Stored items:

──────────────────────────────

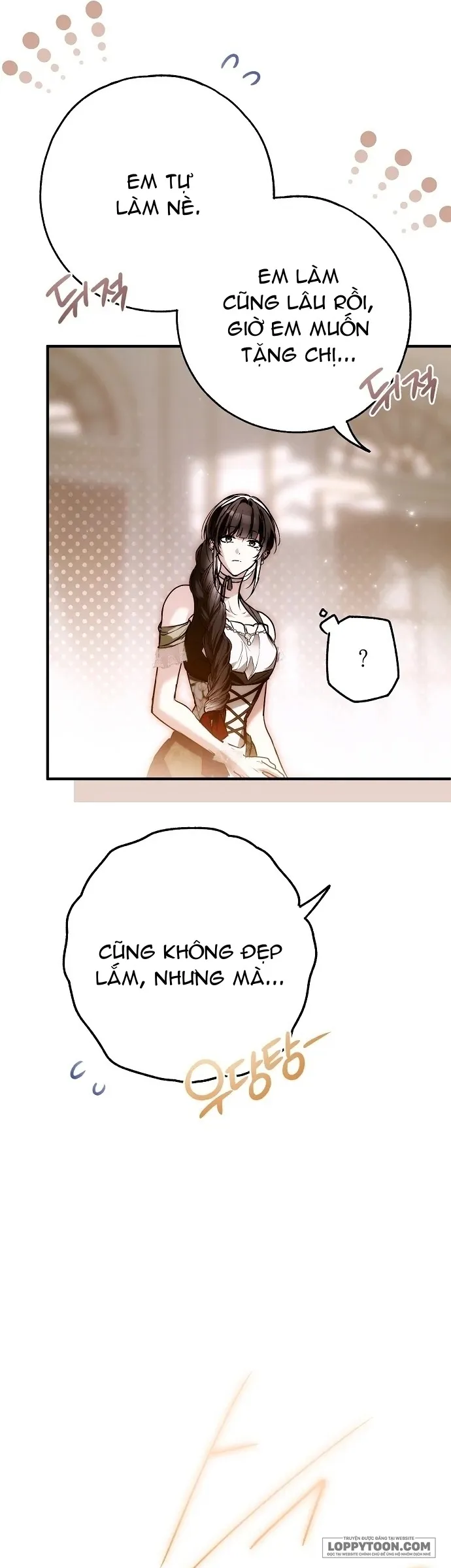 Có Kẻ Đã Sở Hữu Cơ Thể Của Tôi - Chap 47 - Trang 27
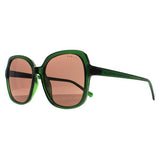 Radley Phoenix 6505 green women sunglasses, UK version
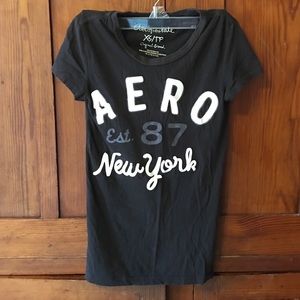 Aeropostale t-shirt.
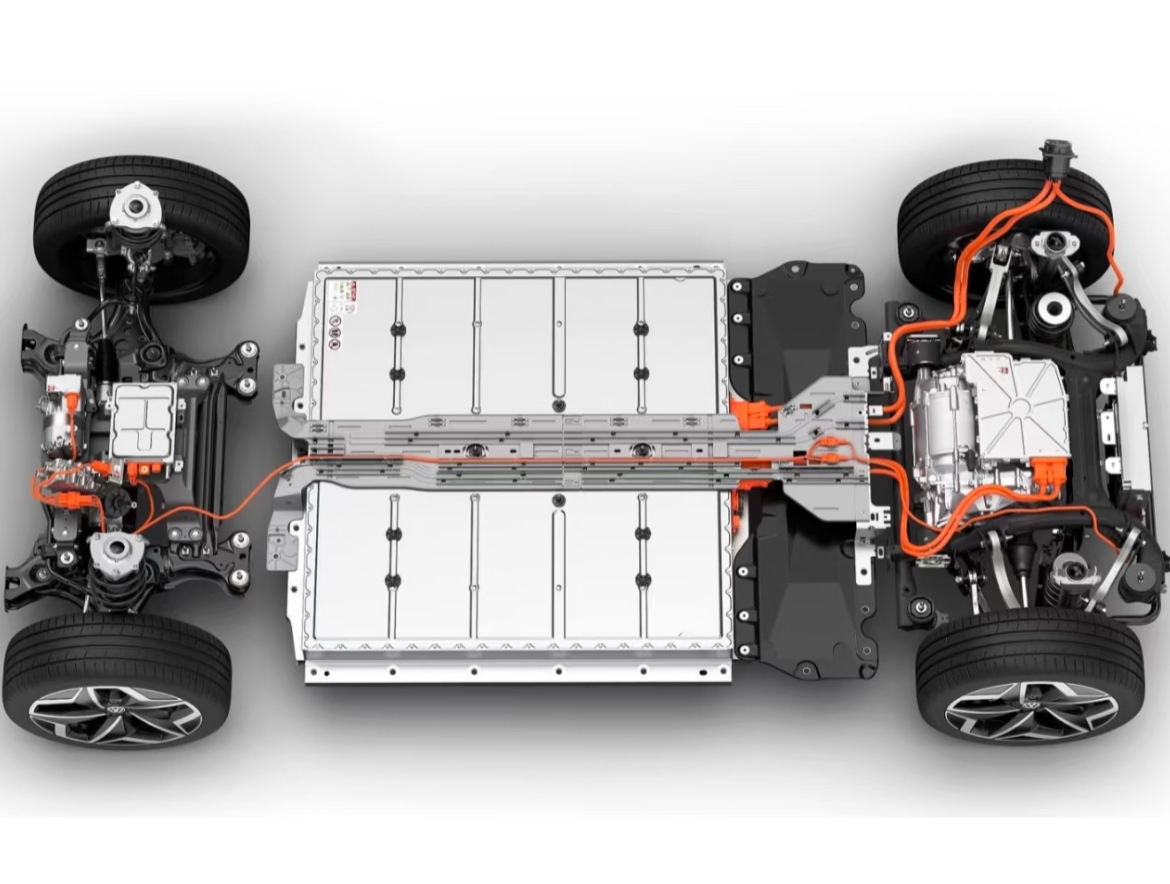 Compostos FRP capacitam atualizações de segurança de veículos elétricos, aplicações de painel lateral de bateria surgem como foco da indústria
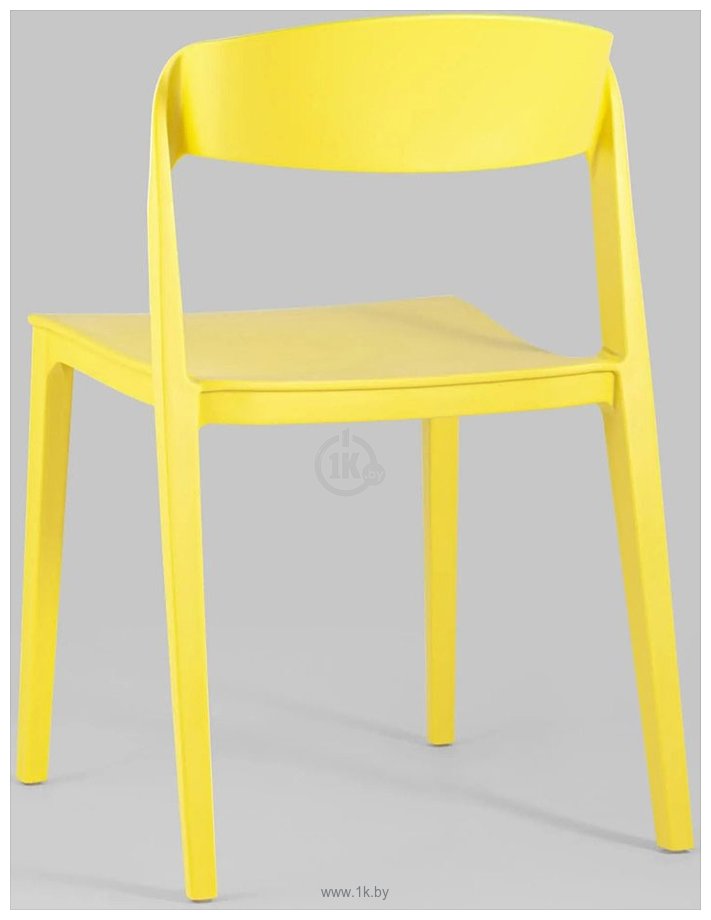 Фотографии Stool Group Moris SL-7089 70139 (желтый)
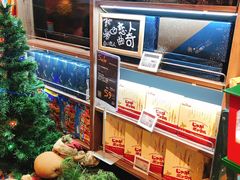 -Olé精品超市(北京合生汇店)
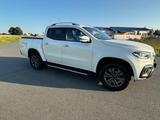 Mercedes-Benz X 250 - Mercedes-Benz X-Klasse von privat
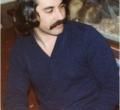 Bob Ward, class of 1974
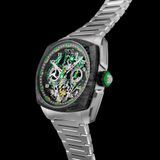 Cyrus Klepcys Dice Lime Carbon 539.508.TCM.B image 3 thumbnail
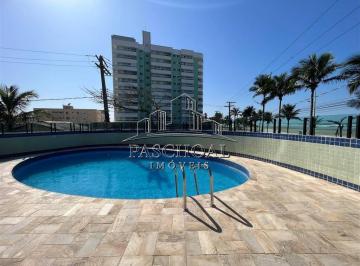 Apartamento · 135m² · 3 Quartos · 1 Vaga · Apartamento 3 dormitório(s) à venda, 89 m² por R$ 550 mil - [Bairro] - Praia Grande/SP
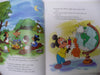 Disneys Elegant Book of Manners Vincent Jefferds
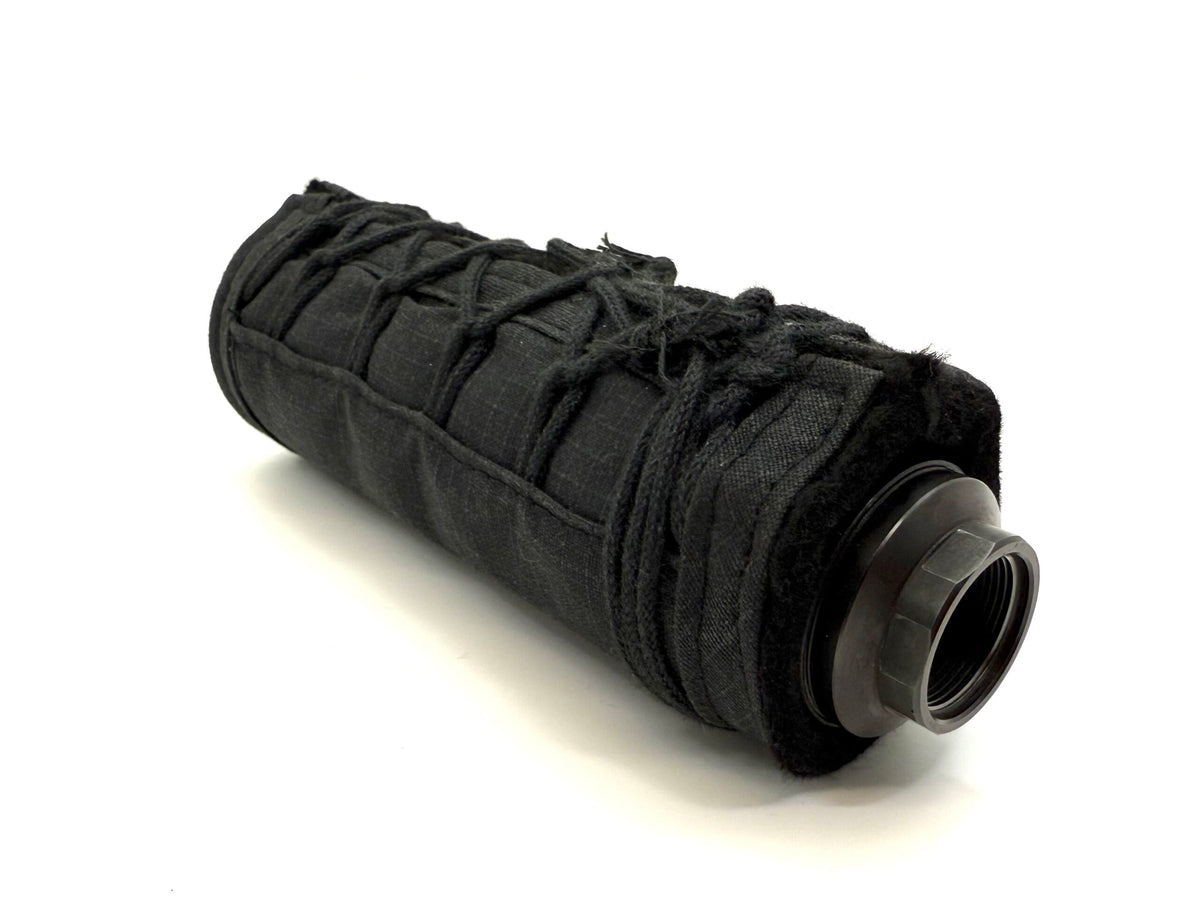 Corset Suppressor Cover - By COLE-TAC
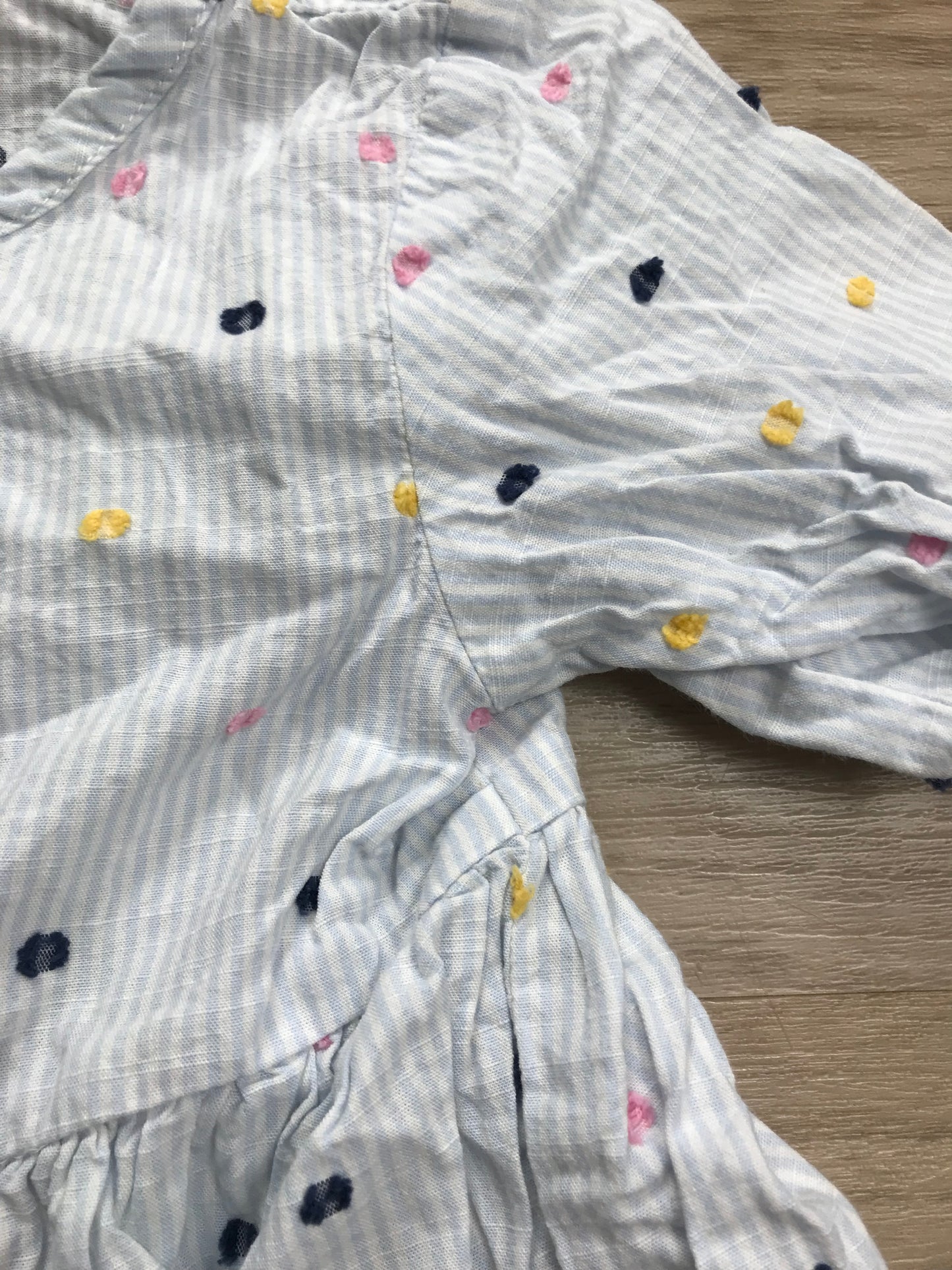 Bluse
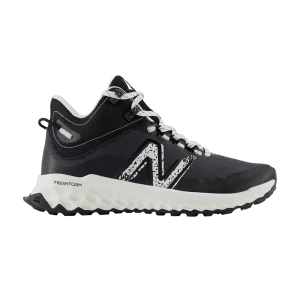 Baskets New Balance Wmns Fresh Foam Garoé Mid Wide 'Blacktop Sea Salt 'Blacktop/Sea Salt/Black WTGAMCLB D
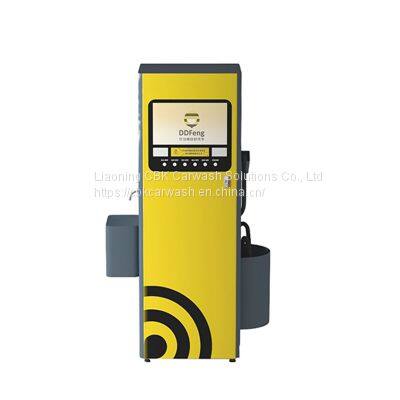 China Portable Car Wash Machine Self Service with high pressure Self service car wash machine from cbk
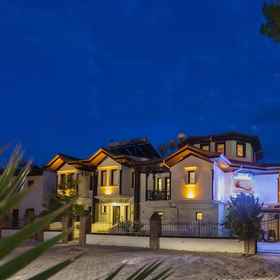 Primary image 1 梅尔坎公寓, 乌拉 酒店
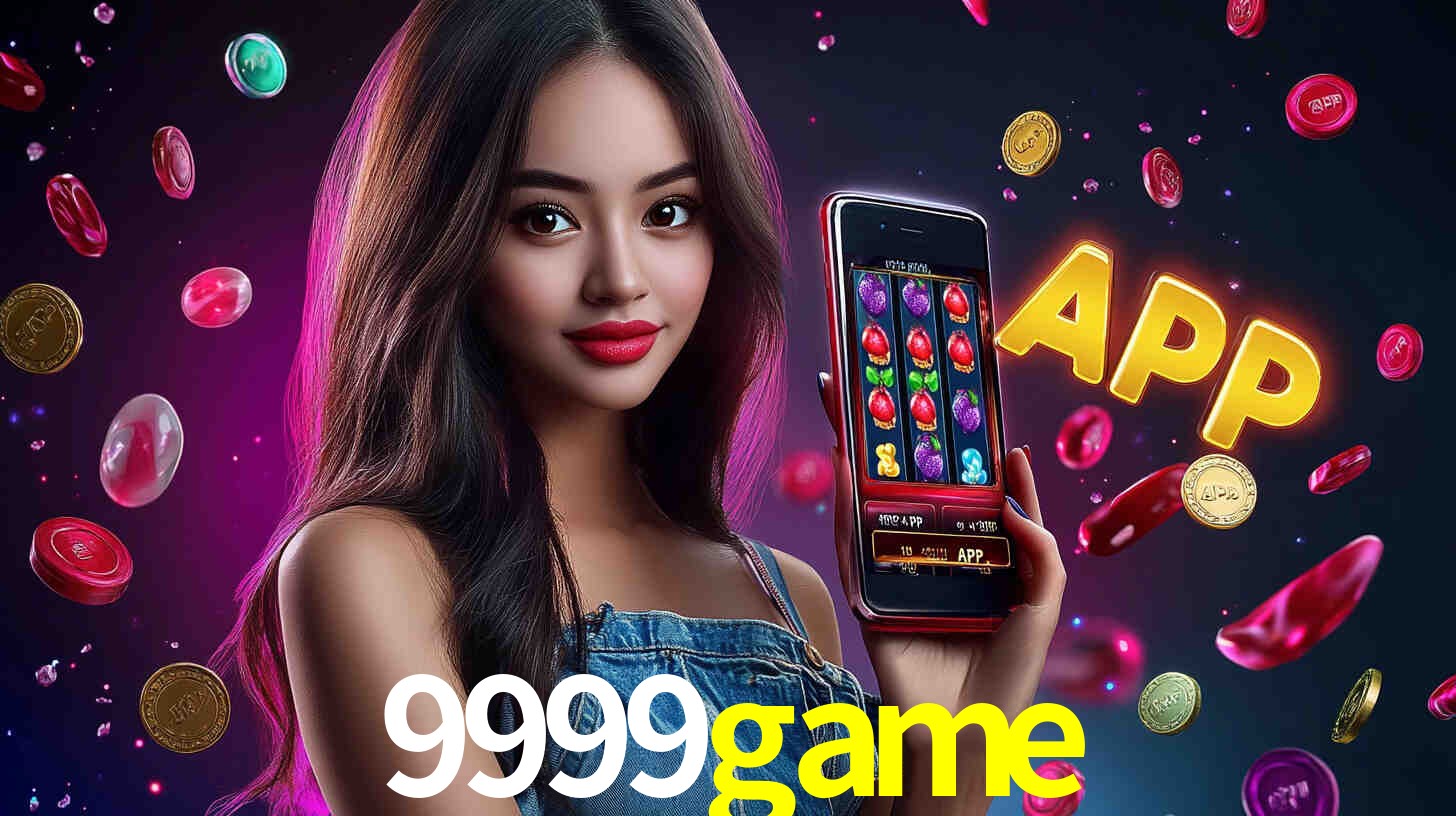 Descubra a Magia dos Jogos de Arcade no 9999game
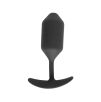 Plug Butt Diamond Large 11.5 x 3.8 cm - Poids 234g Plug Butt Diamond Large 11.5 x 3.8 cm - Poids 234g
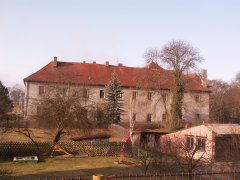 pohled zprava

──────────────────────────────

◆ **The task**: Output every record above verbatim, excluding images.

◆ **Answer box**:
 Có Kẻ Đã Sở Hữu Cơ Thể Của Tôi - Chap 47 - Trang 27
 Radley Phoenix 6505 green women sunglasses, UK version
 Aeropostale t-shirt.
 Compostos FRP capacitam atualizações de segurança de veículos elétricos, aplicações de painel lateral de bateria surgem como foco da indústria
 Фотографии Stool Group Moris SL-7089 70139 (желтый)
 -Olé精品超市(北京合生汇店)
 Mercedes-Benz X 250 - Mercedes-Benz X-Klasse von privat
 Bob Ward, class of 1974
 Cyrus Klepcys Dice Lime Carbon 539.508.TCM.B image 3 thumbnail
 Apartamento · 135m² · 3 Quartos · 1 Vaga · Apartamento 3 dormitório(s) à venda, 89 m² por R$ 550 mil - [Bairro] - Praia Grande/SP
 Disneys Elegant Book of Manners Vincent Jefferds
 Corset Suppressor Cover - By COLE-TAC
 Bluse
 Baskets New Balance Wmns Fresh Foam Garoé Mid Wide 'Blacktop Sea Salt 'Blacktop/Sea Salt/Black WTGAMCLB D
 China Portable Car Wash Machine Self Service with high pressure Self service car wash machine from cbk
 Primary image 1 梅尔坎公寓, 乌拉 酒店
 Descubra a Magia dos Jogos de Arcade no 9999game
 Plug Butt Diamond Large 11.5 x 3.8 cm - Poids 234g Plug Butt Diamond Large 11.5 x 3.8 cm - Poids 234g
 pohled zprava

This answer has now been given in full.